FREDERICK STOCK

1872-1942

When Ed Rich the headmaster of Town School for Boys in San Francisco asked this 11-year-old record collector to become the music critic of the Town Crier, a monthly sheet if I remember right, perhaps I should have told him I wasn’t ready to distinguish between useful, empathetic criticism and my own juvenile failure to resist imperfect perceptions. Thus I trashed poor Frederick Stock in one of my first reviews. I’d seen a picture of him looking a bit rumpled, and therefore inept, as he rehearsed his Chicago Symphony in that perennial wing collar, and after hearing his recording of Brahms’ Third with its leisurely third movement I insulted the man something fierce, writing that the music sounded so tired it was as if an old man were trying to make his way over the Alps. Oh dear!

A million years later I listen to that same Brahms recording, now safely transferred from “78” to CD, and see where I went wrong. Yes, the third movement is slow, even (on purpose I think) a bit spent. But this is no ancient slipping on an Alpine ascent, the performance is quite strong enough, becoming rather profound indeed, and with the most amorous and pleading of cello brigades. Yes, I goofed.

And the first movement? Flooded with feeling, lightly. Snappy and organic, with no giant gestures as the music shoves off, the effect is almost Mozartian. Stock allows himself a big impetuosity now and then, rushing for instance into the passions of the development. A little later the solo horn is melodizing at 39,000 feet, fondly, sweetly. The clouds smile. And near movement’s-end there’s a three star felicity, the violas entering midway in bar 214, sandwiched by sustained violins and cellos, with a We’re Here, Folks salute and the deepest of deep warm tones, a buzzy walnut oil warmth. Well, Stock was a violist in the Chicago Symphony before this very clever young man from Germany – he was a conservatory mate of Mengelberg’s – became its conductor in 1905. He’d remain in that post for 37 years, conducting regular concerts, pops concerts, children’s concerts, taking the orchestra off to Detroit on the night train to appear on the General Motors Hour, and not bothering to make much of a career elsewhere. He preferred to stay home in Hyde Park and write Glazounovian music that still, some of it, wears rather well. He was of course typed as somewhat inferior to more peripatetic maestri, but this is to miss what a delightful conductor he was. Not as elegant and seignorial, say, as Koussevitzky, or as demonically dramatic as Mengelberg, but we don’t need clones of those and other Larger than Lifes.

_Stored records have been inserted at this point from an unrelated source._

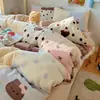 Estilo Lindo Clase A Leche Polar Otoño e Invierno Cálido Juego de Cuatro Piezas Dibujos Animados Femeninos Funda Nórdica Polar Coral de Doble Cara Juego de Tres Piezas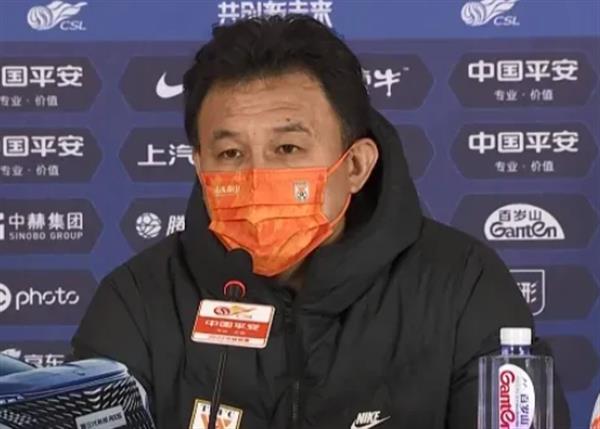 郝伟力挺孙准浩：全力冲刺世界杯梦！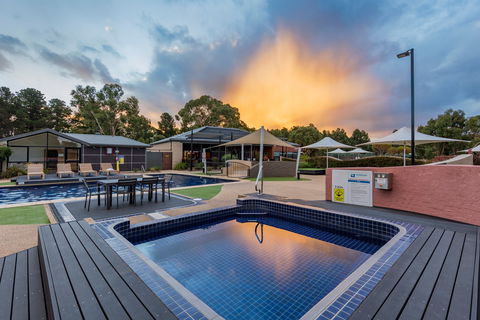 Ramada Resort By Wyndham Seven Mile Beach - Accommodation QLD 2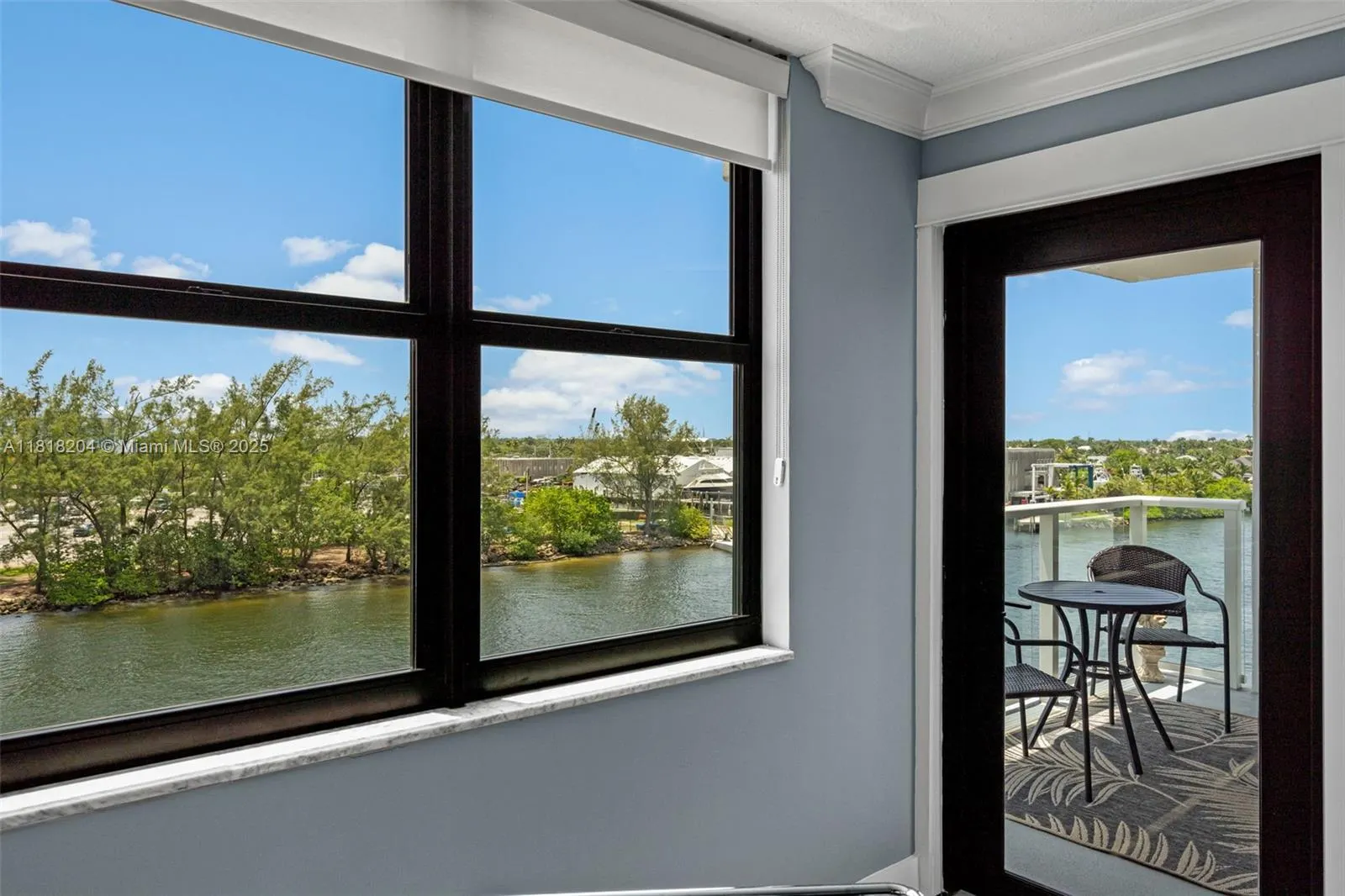 1401 N Riverside Dr, #604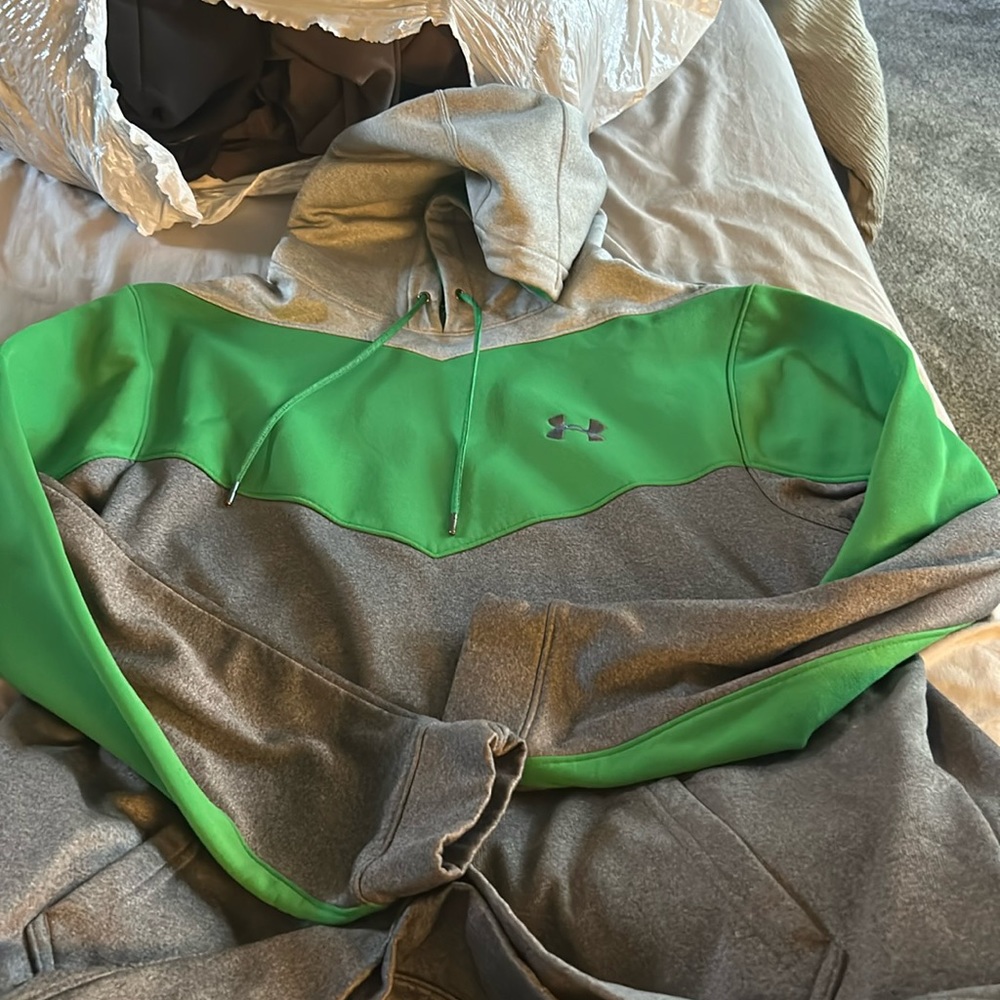 Like new under armour sweatshirt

Perhaps Stock’s conducting was comfy as an old shoe, but mind you, the shoe was well made. Discriminating Virgil Thomson in the old New York Herald Tribune got it right when he wrote about a Brahms performance, yes it was the Third, that it “floated on a Viennese lilt, pastoral, poetic, and effortlessly convincing.” From Stock’s recording of the Third — alas he did not record the other symphonies — one can imagine how he must have handled the Brahms symphonic canon. Very likely his First was unusually buoyant, meanwhile I hear quite clearly a very pastorally-oriented Second, and the Fourth, I suspect, came on snappy and warm, luminous!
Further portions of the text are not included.